Task description: For this exercise, the lines from the one with "New 2026 Kia Sorento LX FWD image 11" through the end of the material below must be output exactly, without pictures.
....................
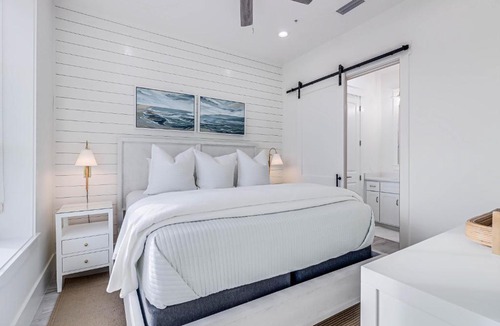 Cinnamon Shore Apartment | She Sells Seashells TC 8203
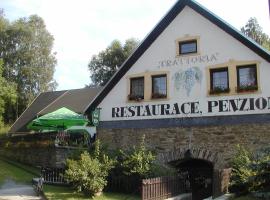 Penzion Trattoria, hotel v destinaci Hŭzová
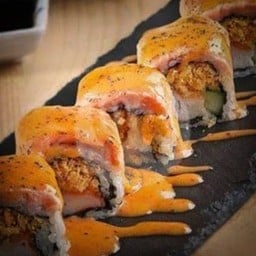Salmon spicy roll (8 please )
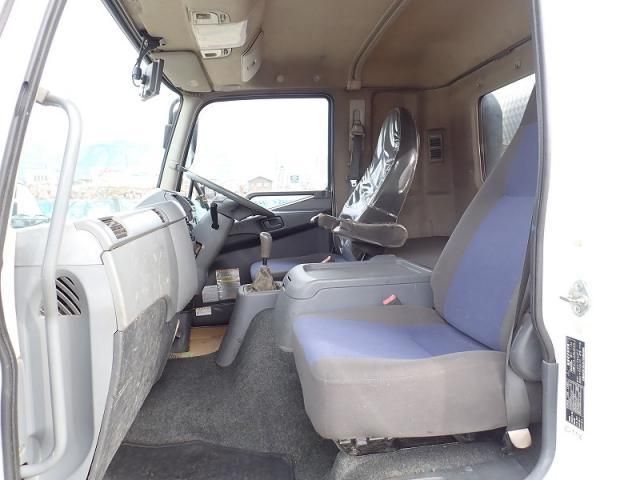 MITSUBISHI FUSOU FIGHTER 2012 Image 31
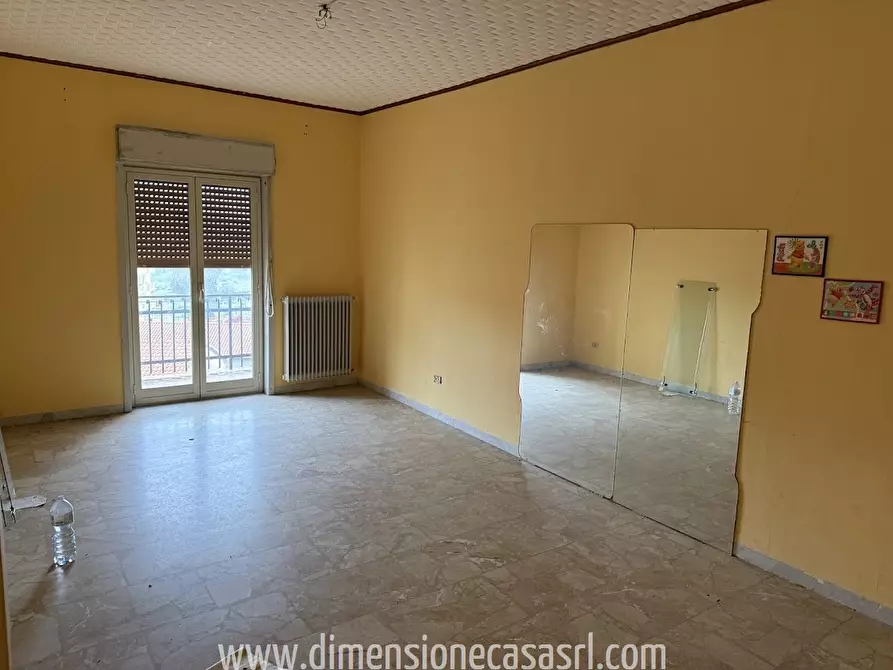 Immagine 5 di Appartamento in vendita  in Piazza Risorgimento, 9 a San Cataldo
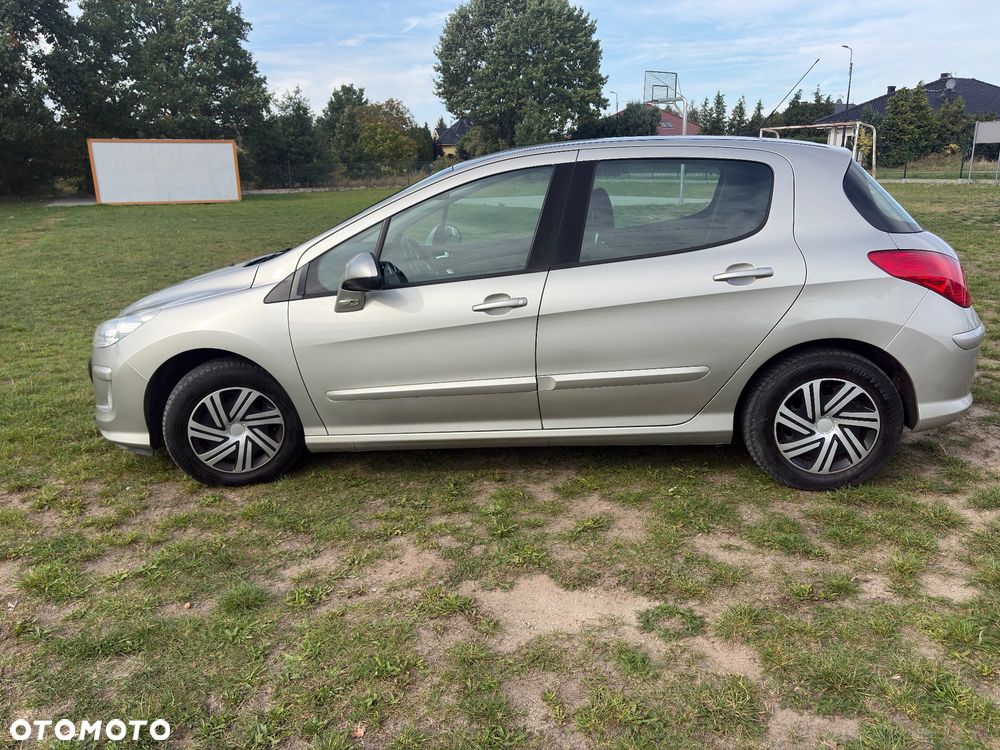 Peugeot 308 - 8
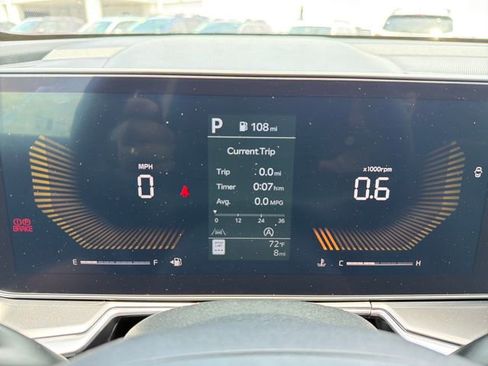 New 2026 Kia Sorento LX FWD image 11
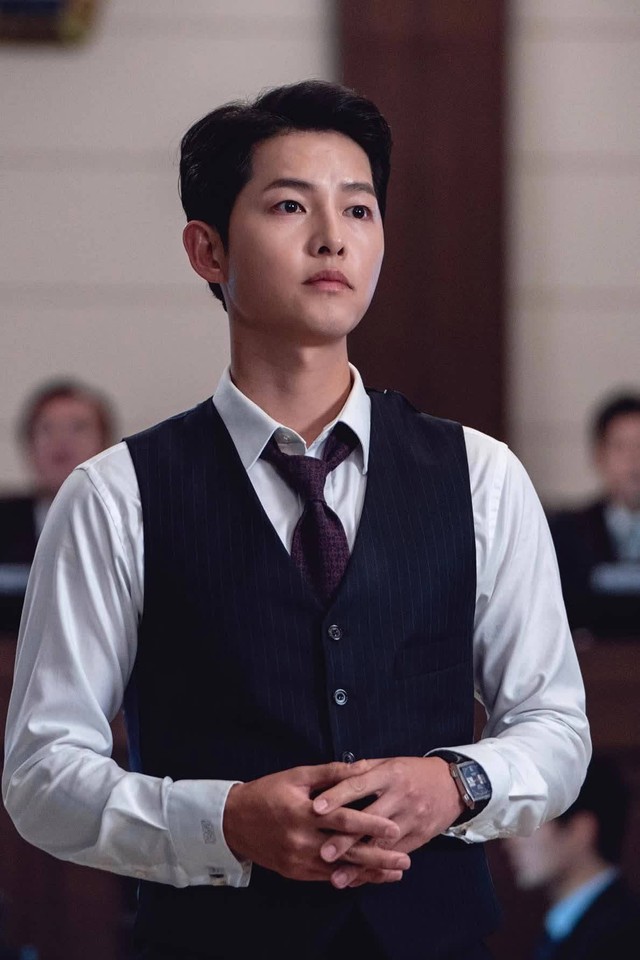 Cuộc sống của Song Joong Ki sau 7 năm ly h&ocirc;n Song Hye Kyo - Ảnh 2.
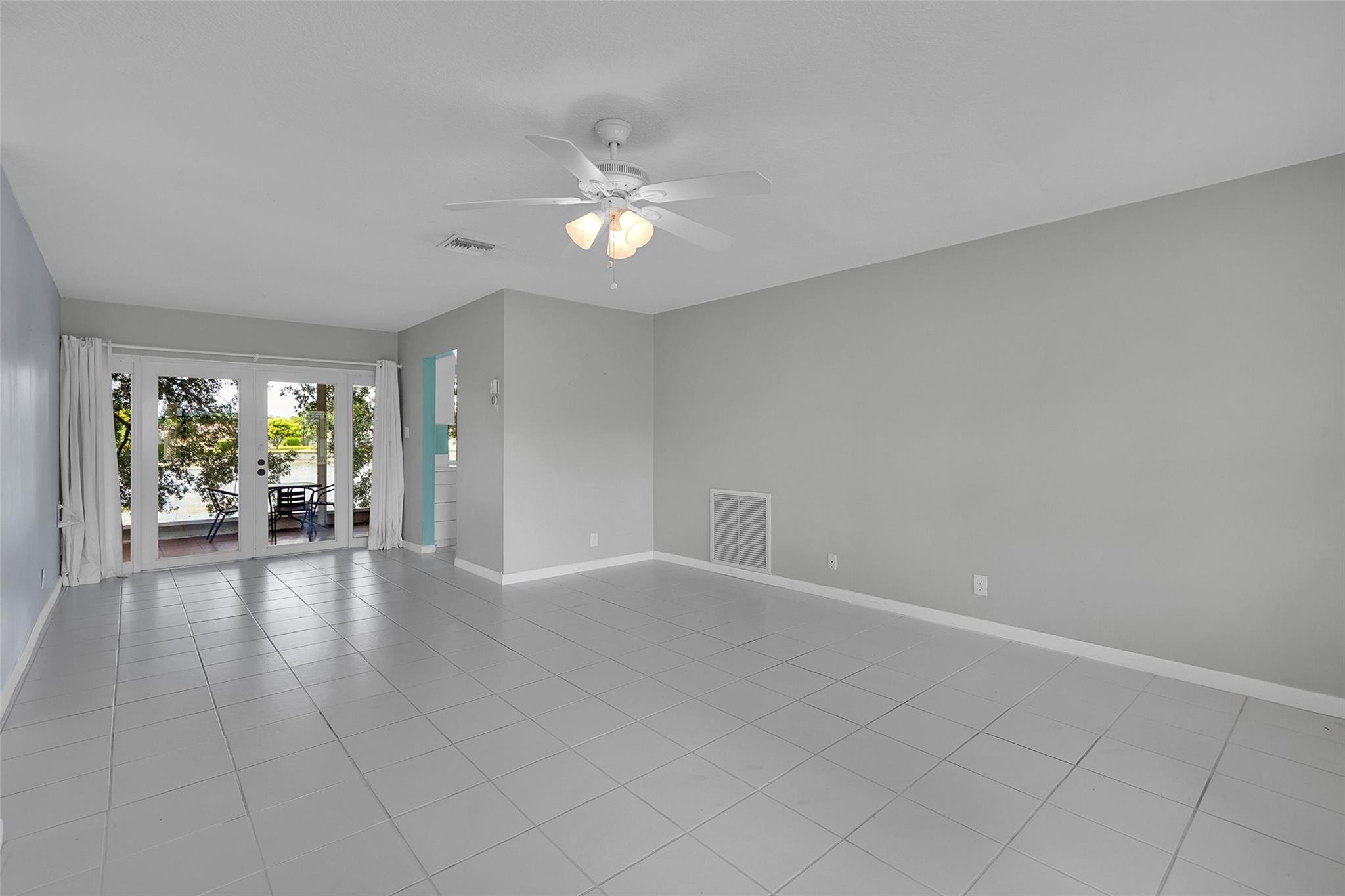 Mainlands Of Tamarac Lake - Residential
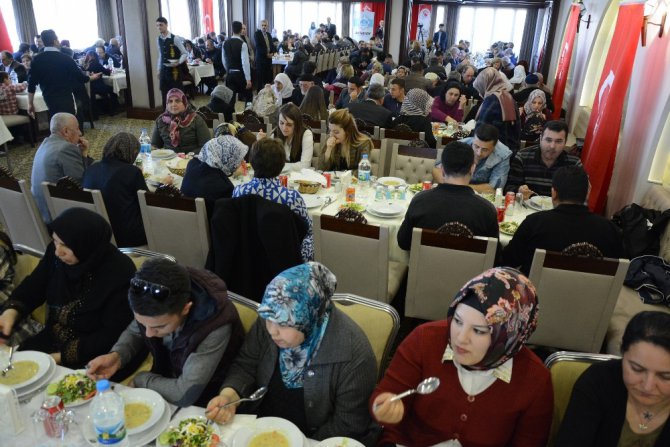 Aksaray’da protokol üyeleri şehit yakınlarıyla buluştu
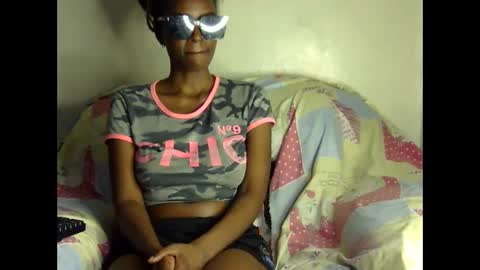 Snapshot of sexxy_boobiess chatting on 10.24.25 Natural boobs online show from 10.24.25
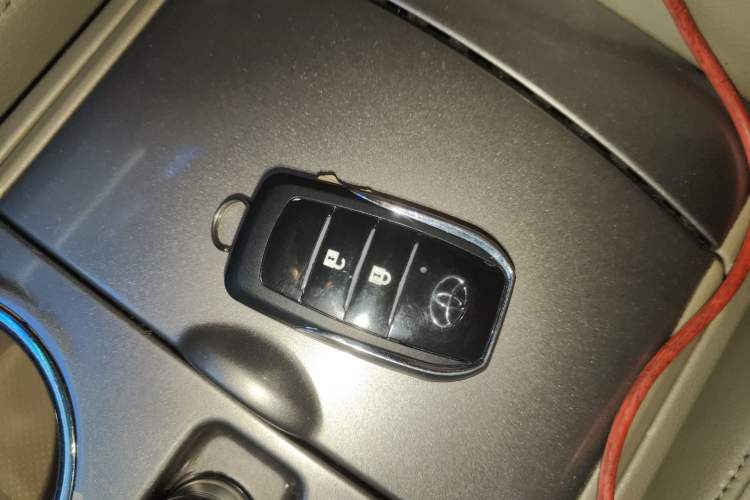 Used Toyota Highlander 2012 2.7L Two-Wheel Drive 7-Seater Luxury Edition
....................
Answer to the exercise:
 New 2026 Kia Sorento LX FWD image 11
 Cuộc sống của Song Joong Ki sau 7 năm ly h&ocirc;n Song Hye Kyo - Ảnh 2.
 Mainlands Of Tamarac Lake - Residential
 Aksaray’da protokol üyeleri şehit yakınlarıyla buluştu
 Snapshot of sexxy_boobiess chatting on 10.24.25 Natural boobs online show from 10.24.25
 Used Toyota Highlander 2012 2.7L Two-Wheel Drive 7-Seater Luxury Edition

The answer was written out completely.